Source data:

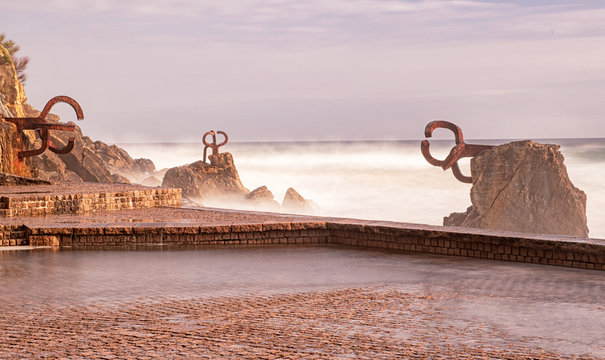 SAN SEBASTIAN, SPAIN - 7 MAY, 2019: "Peine del Viento" set of sculptures of Eduardo Chillida located at the beach of San Sebastian, Spain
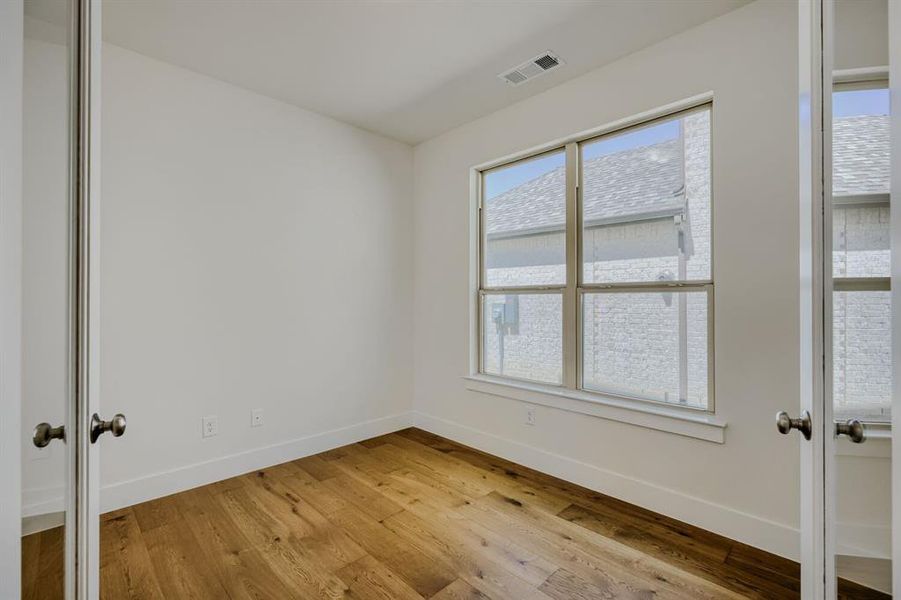 Room featuring wood-finish flooring, a large multi-pane window, white walls, and white trim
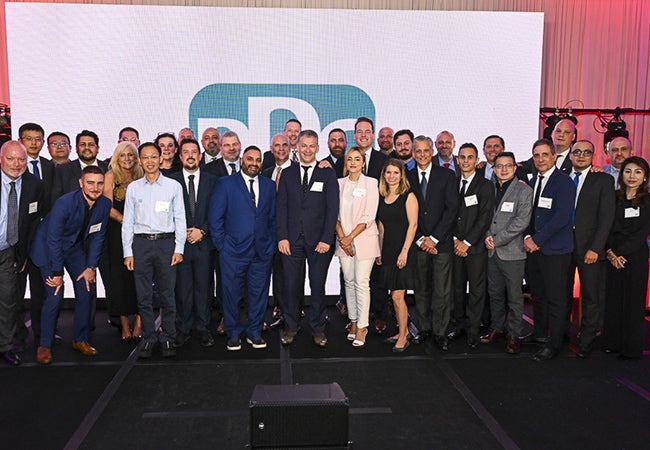 Julio Bueno, a PPG employee within our Automotive Refinish Coatings business, with his colleagues during an award ceremony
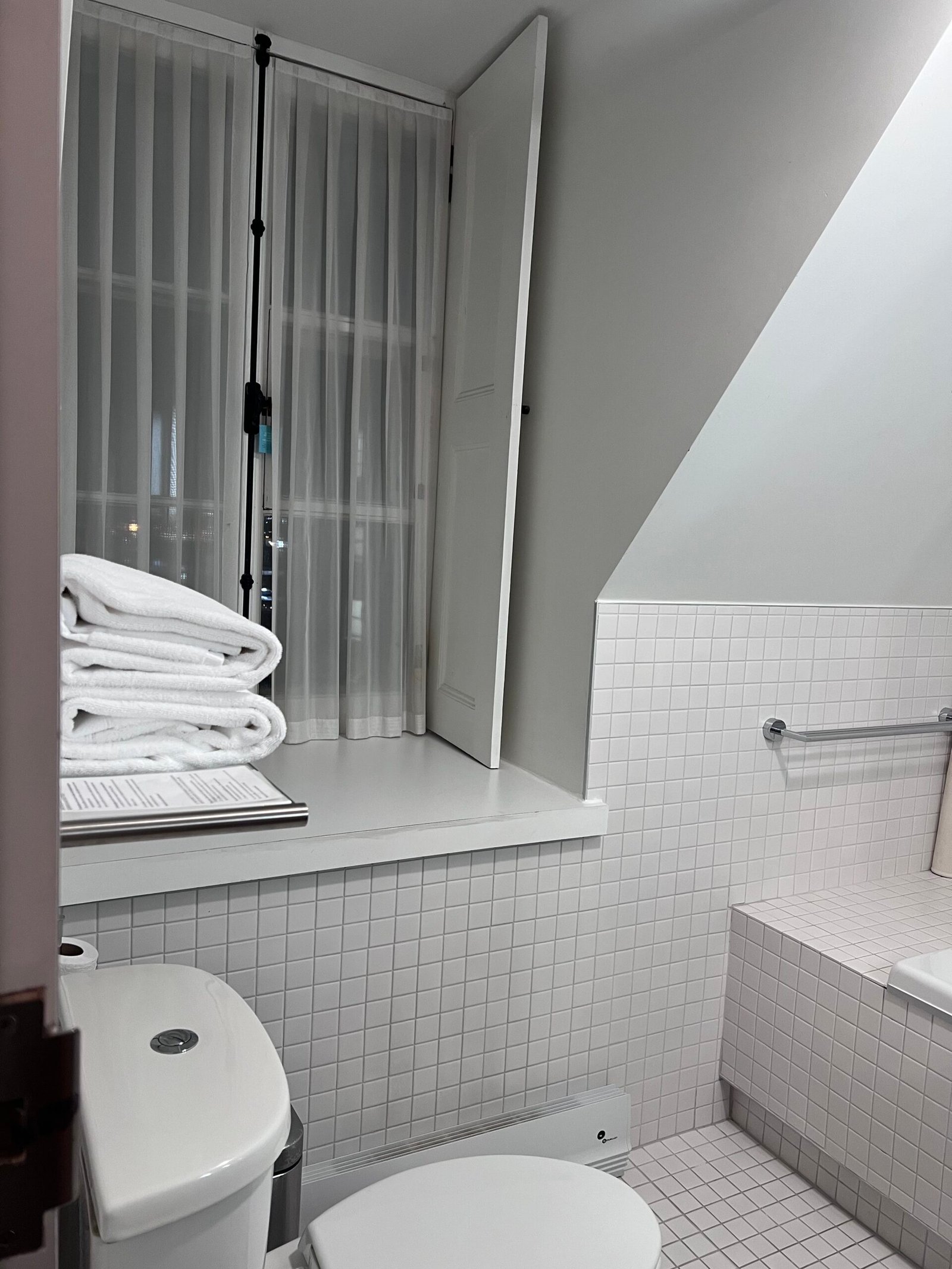 Inside Le Monastère des Augustines- A Wellness Retreat Rooted in 385 Years of History Bathroom Section at Contemporary King Room at Le Monastere des Augustines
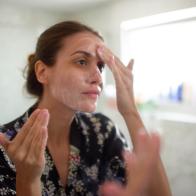 Young female in the bathroom looking in the mirror and taking care of her facial skin.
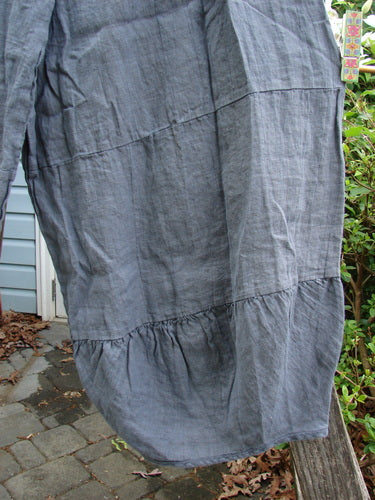 Barclay Linen Meadow Pant Unpainted Cross Dye Steel Size 0, showcasing a flowy silhouette with full elastic waist and gathered horizontal panels, perfect for spring or summer wear, in lightweight cotton linen.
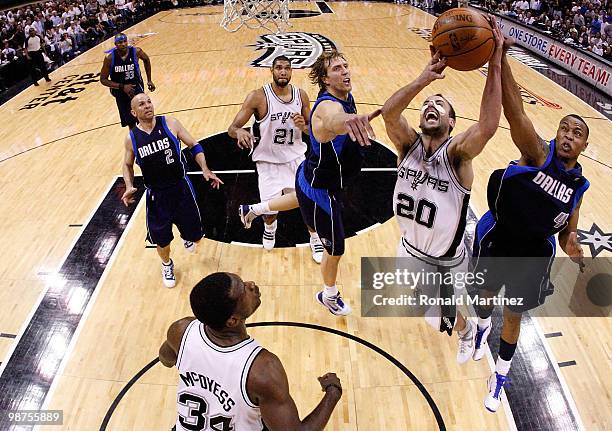 Guard Manu Ginobili of the San Antonio Spurs takes a shot against Caron Butler and Dirk Nowitzki in Game Six of the Western Conference Quarterfinals...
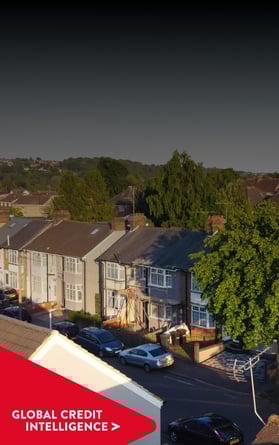 Vista aérea de un barrio suburbano bajo un cielo despejado, con una pancarta roja superpuesta en la que se lee "Global Credit Intelligence", que representa información sobre los mercados inmobiliario y crediticio.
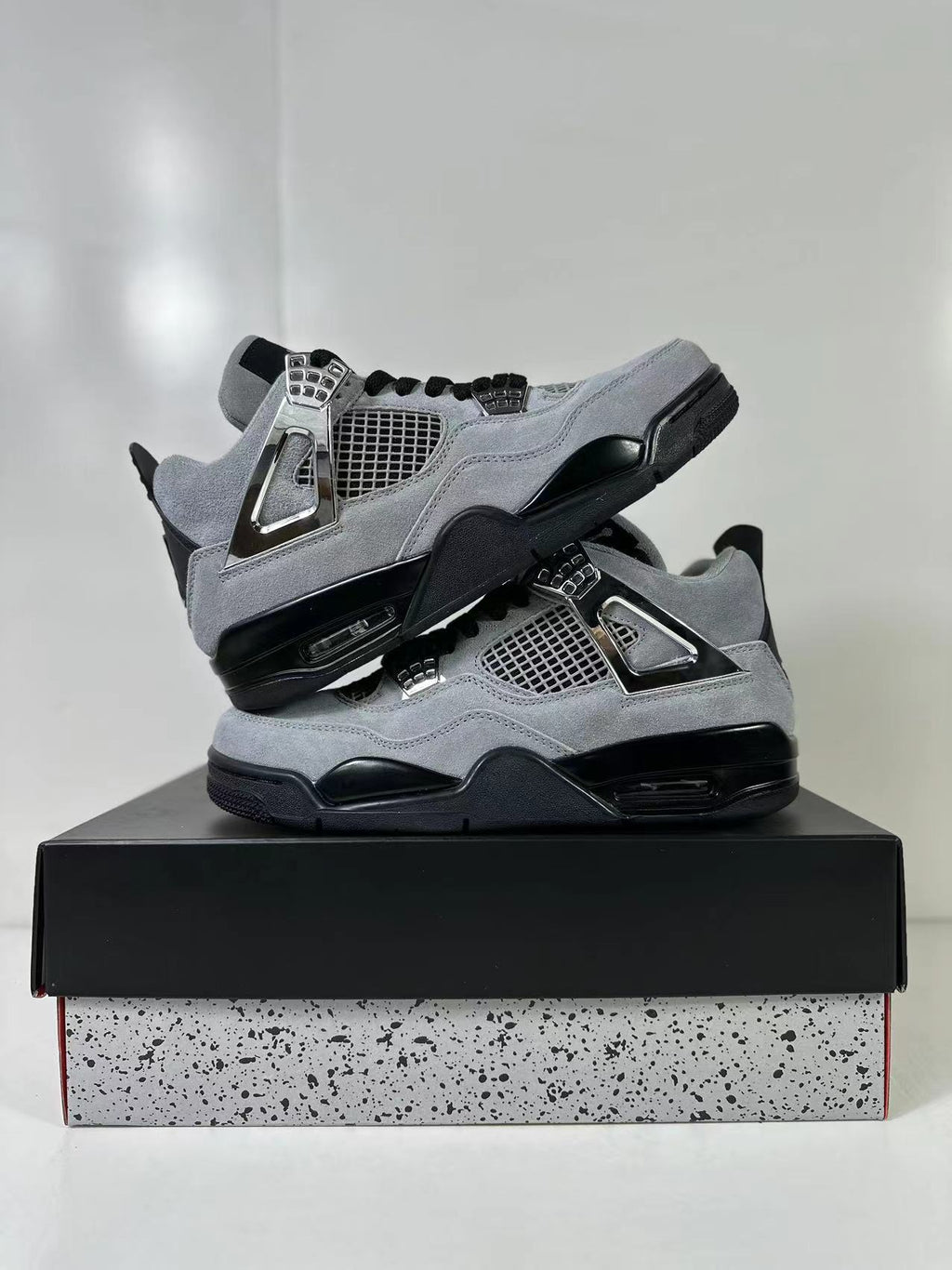 Air Jordan 4 Retro Gray Black Sneakers AQ9129-005 - product image from the listing.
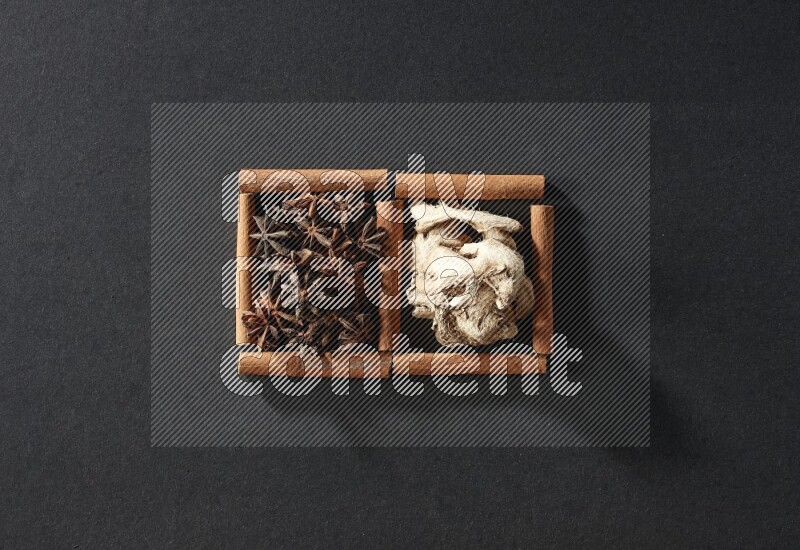 مربعان من أعواد القرفة ممتلئان باليانسون النجمي والزنجبيل المجفف علي خلفية سوداء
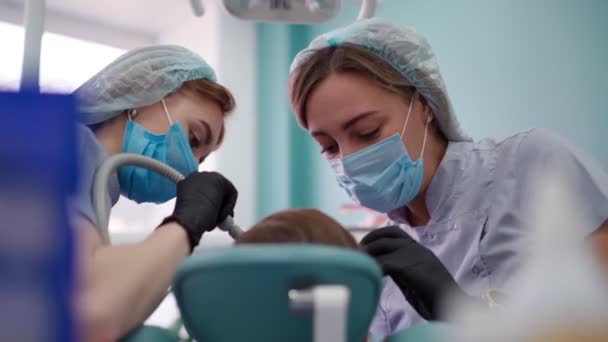 Deux femmes médecins en masque médical dans une clinique dentaire, servir le patient petit garçon — Video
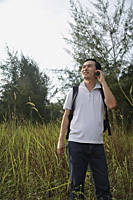 Man talking on mobile phone, hiking, outdoors - Asia Images Group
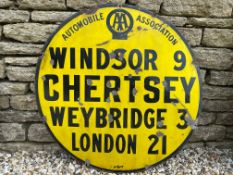An AA circular yellow and black enamel road/village sign for Chertsey, made by Jordan of Bilston,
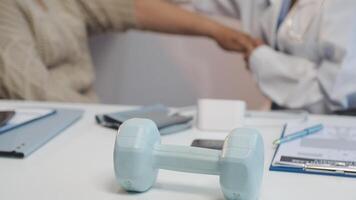 A doctor is holding a dumbbell in front of a desk video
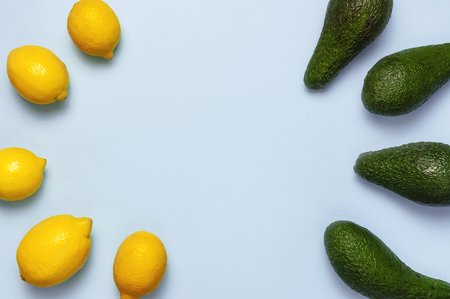 Ripe fresh avocado and fresh citrus lemons on pastel blue background top view Flat lay copy space. Fruits Healthy food concept, diet, healthy lifestyleの写真素材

[What the exercise asks] Begin at the line containing "Julio Bueno, a" and write out every line to the end of the data exactly. Skip the pictures.

[Output of the exercise]
 Julio Bueno, a PPG employee within our Automotive Refinish Coatings business, with his colleagues during an award ceremony
 Inside Le Monastère des Augustines- A Wellness Retreat Rooted in 385 Years of History Bathroom Section at Contemporary King Room at Le Monastere des Augustines
 Young female in the bathroom looking in the mirror and taking care of her facial skin.
 Barclay Linen Meadow Pant Unpainted Cross Dye Steel Size 0, showcasing a flowy silhouette with full elastic waist and gathered horizontal panels, perfect for spring or summer wear, in lightweight cotton linen.
 Guard Manu Ginobili of the San Antonio Spurs takes a shot against Caron Butler and Dirk Nowitzki in Game Six of the Western Conference Quarterfinals...
 Vista aérea de un barrio suburbano bajo un cielo despejado, con una pancarta roja superpuesta en la que se lee "Global Credit Intelligence", que representa información sobre los mercados inmobiliario y crediticio.
 Air Jordan 4 Retro Gray Black Sneakers AQ9129-005 - product image from the listing.
 مربعان من أعواد القرفة ممتلئان باليانسون النجمي والزنجبيل المجفف علي خلفية سوداء
 Deux femmes médecins en masque médical dans une clinique dentaire, servir le patient petit garçon — Video
 Man talking on mobile phone, hiking, outdoors - Asia Images Group
An AA circular yellow and black enamel road/village sign for Chertsey, made by Jordan of Bilston,
 A doctor is holding a dumbbell in front of a desk video
 Ripe fresh avocado and fresh citrus lemons on pastel blue background top view Flat lay copy space. Fruits Healthy food concept, diet, healthy lifestyleの写真素材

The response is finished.